L’hydrodiplomatie a donc été utile pour asseoir la paix hydrique entre l’Egypte, l’Ethiopie et le Soudan.
En ce qui me concerne, je pense que le Nil a une portée humaine dans le sens que l’hydrodiplomatie pourrait sécuriser les générations futures dans la région.
RPP – Si je comprends bien, l’hydrodiplomatie est un concept qui est généré par des experts, des ingénieurs et des scientifiques. Comment s’articule la relation entre l’expertise du scientifique et la nécessité de l’action qui est incarnée par le politique ?

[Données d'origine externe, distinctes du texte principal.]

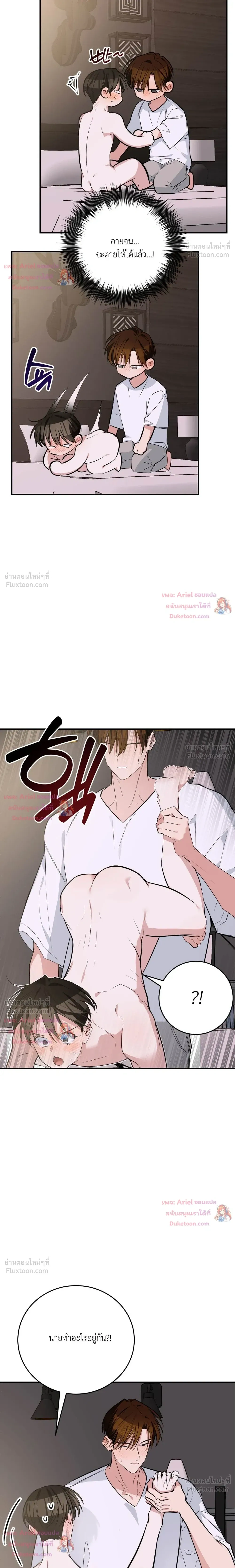 หน้าที่ 15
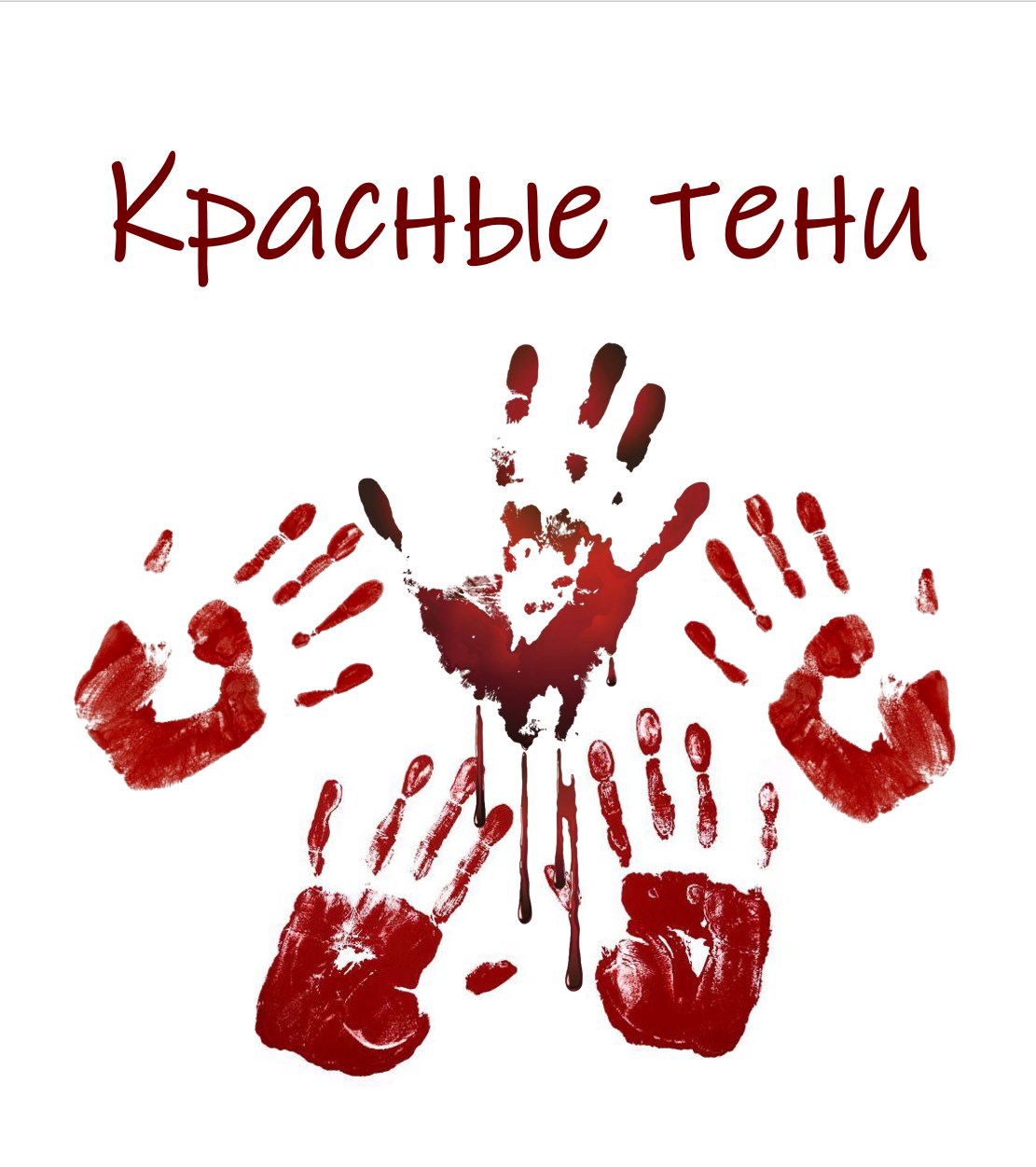 Красные тени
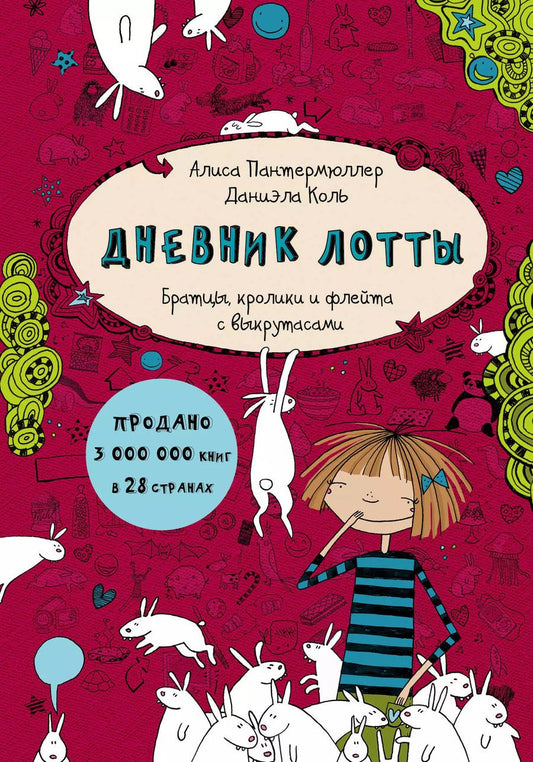 Обложка книги "Алиса Пантермюллер: Дневник Лотты. Братцы, кролики и флейта с выкрутасами"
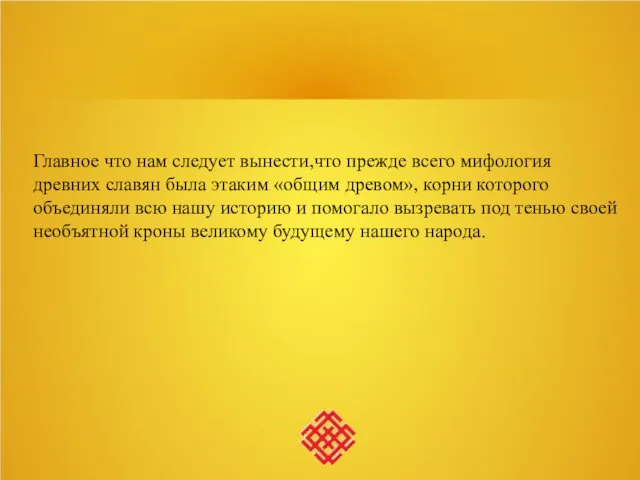 Главное что нам следует вынести,что прежде всего мифология древних славян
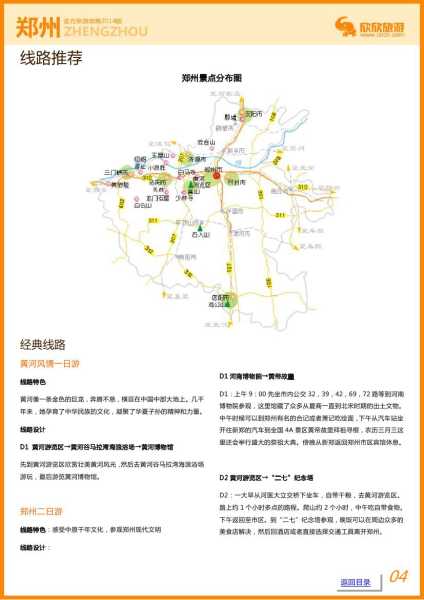郑州去哪求签攻略,求签,寺庙,占卜,第1张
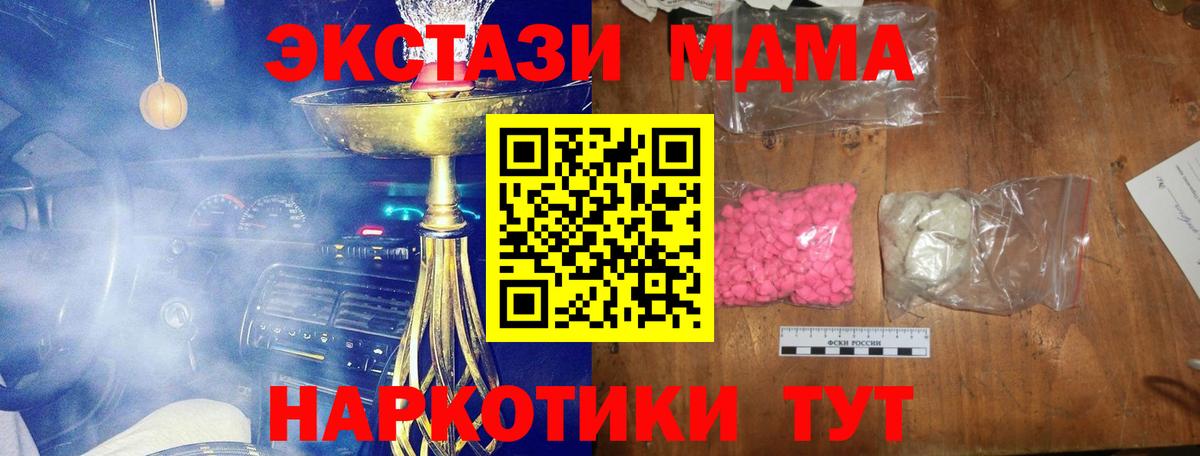 MDMA crystal  Вход с VPN  Нижневартовск 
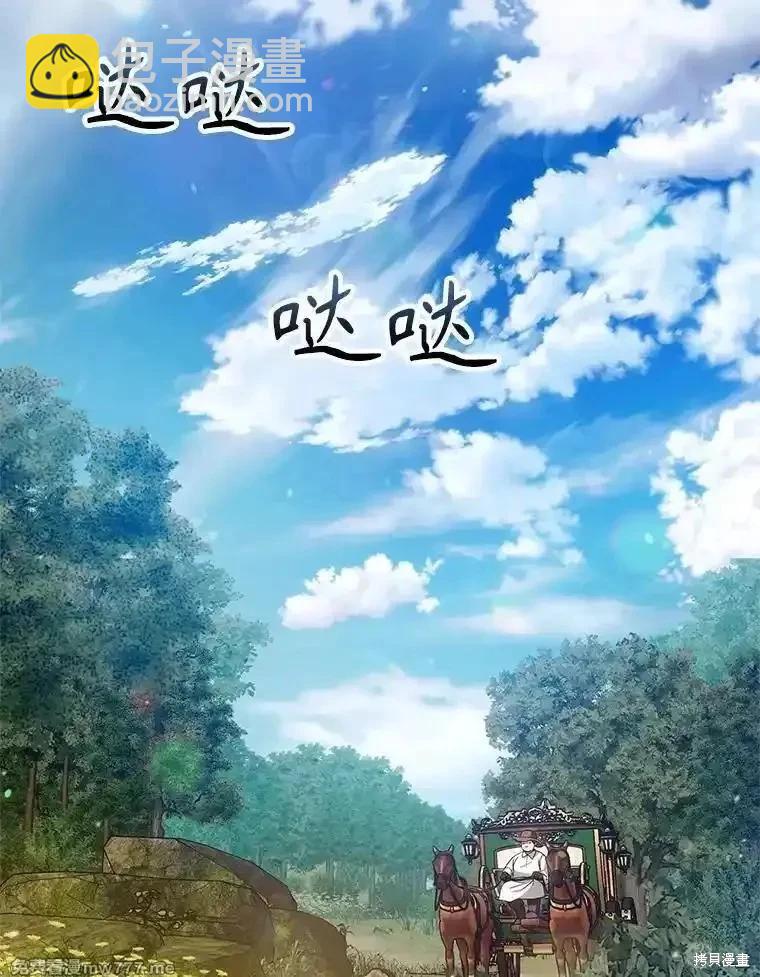 第117话51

Fadi Comair – Le politique vient en fin de parcours parce qu’il ne peut pas comprendre ce qu’est la science, ce qu’est l’hydraulique, ce qu’est le changement climatique, ce que sont les faits et les données. Le changement climatique va engendrer 30 % en moins d’eau. La population en Egypte et en Ethiopie, qui était de 60 millions d’individus pour chacun de ces pays il y a vingt ans, est passée aujourd’hui à 100 millions. Donc la base devrait être une base technique et institutionnelle. Après on peut faire part aux politiciens des bienfaits économiques et sociaux qui vont se générer autour de ce bassin. On peut leur suggérer d’investir dans le développement du pays plutôt que dans l’armement. Les politiques seront sensibles à ces arguments s’ils veulent être réélus.

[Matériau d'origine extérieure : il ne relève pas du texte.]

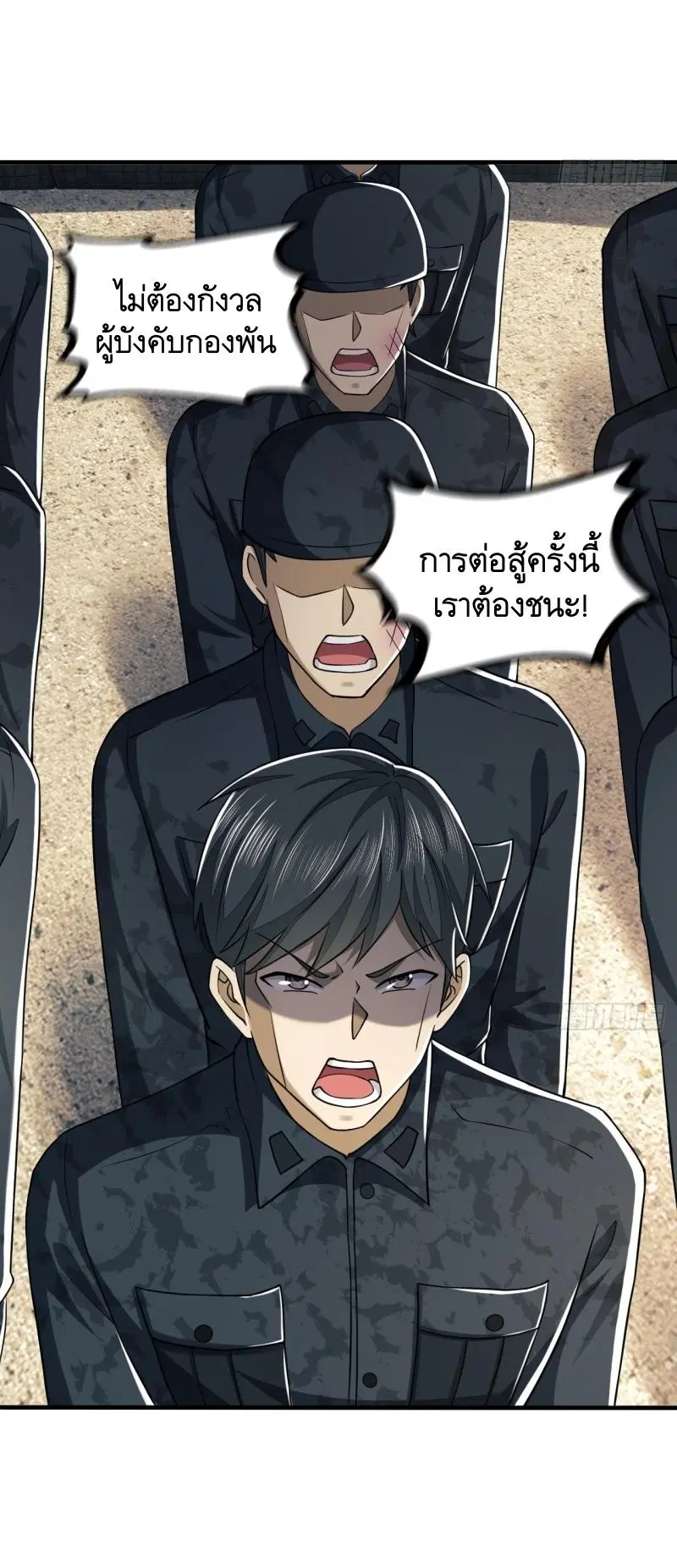 The First Order ตอนที่ 193 หน้า 56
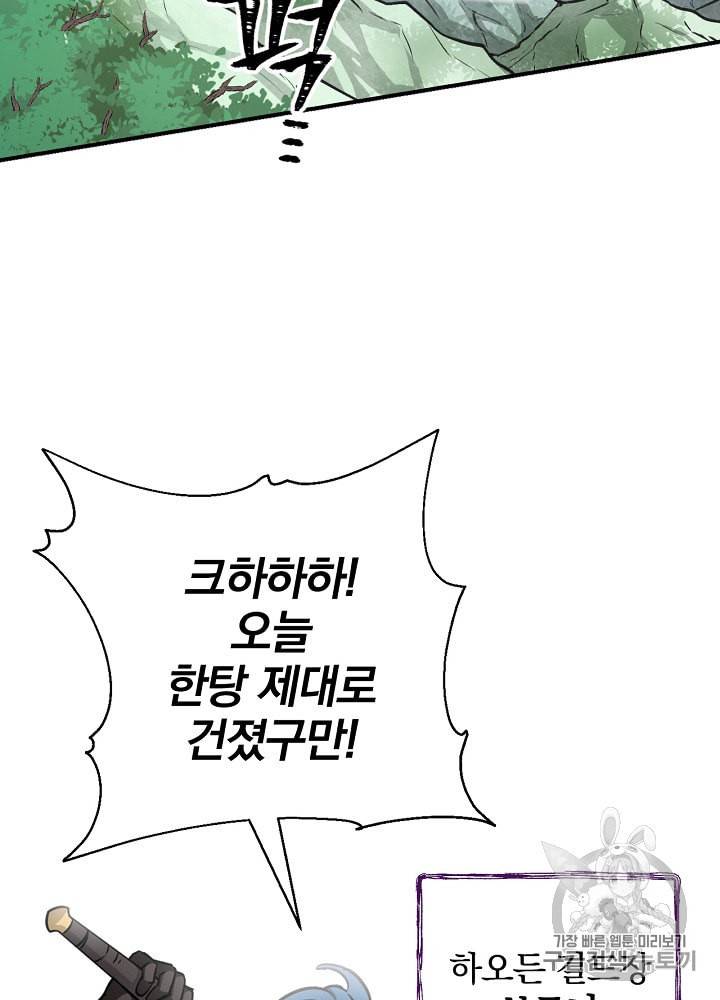 밥만 먹고 레벨업 32화 11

En fait, il faut chercher l’intérêt des politiciens.
Il faut leur présenter une feuille de route qui commence par les moyens techniques et aboutit à une gouvernance qui soutient les principes des Nations unies.
Il faut leur faire comprendre que s’ils ne suivent pas cette feuille de route, des conflits militaires ou politiques, coûteux en termes humains et financiers, peuvent survenir. Ils ont à faire le choix entre le processus d’hydrodiplomatie qui permettra de nourrir la population, et la guerre et la dépendance sur le plan alimentaire. C’est cela le choix et le lien. C’est l’eau, l’énergie, l’alimentation avec la bonne gouvernance des projets qui vont développer les pays et dont les politiciens vont sentir les bienfaits directement.
L’idée c’est de faire du sujet de l’eau, qui est historiquement un facteur de conflit, un catalyseur de paix avec deux objectifs, la paix bien évidemment, mais aussi la question du développement durable qui apparaît aujourd’hui comme un élément fort. C’est la raison pour laquelle j’ai proposé la création d’une plateforme du Nexus Eau-Energie-alimentation au sein de la Méditerranée dans le cadre d’une agence méditerranéenne du Nexus afin que les pays puissent proposer des plans d’adaptation assurant la survie du bassin. Le PHI que je préside à l’Unesco pourrait être le moteur de cette agence en matière d’hydrologie et d’application de la GIRE (Gestion Intégrée des Ressources en Eau).
RPP – Les relations entre Etats sont parfois aussi des rapports de force entre leurs intérêts. Comment fait-on pour mettre en musique ce processus ?
Fadi Comair – Il faut examiner et prendre en compte les spécificités et les besoins de chaque pays riverain. Il y a des pays qui ont besoin d’une production énergétique, d’autres d’eau potable, d’autres encore d’eau pour l’irrigation des cultures. On peut donc envisager un échange énergétique entre les pays. Le pays qui dispose d’un barrage et qui produit de l’électricité peut la vendre à un pays riverain, la même chose est envisageable pour la desserte en eau potable par exemple.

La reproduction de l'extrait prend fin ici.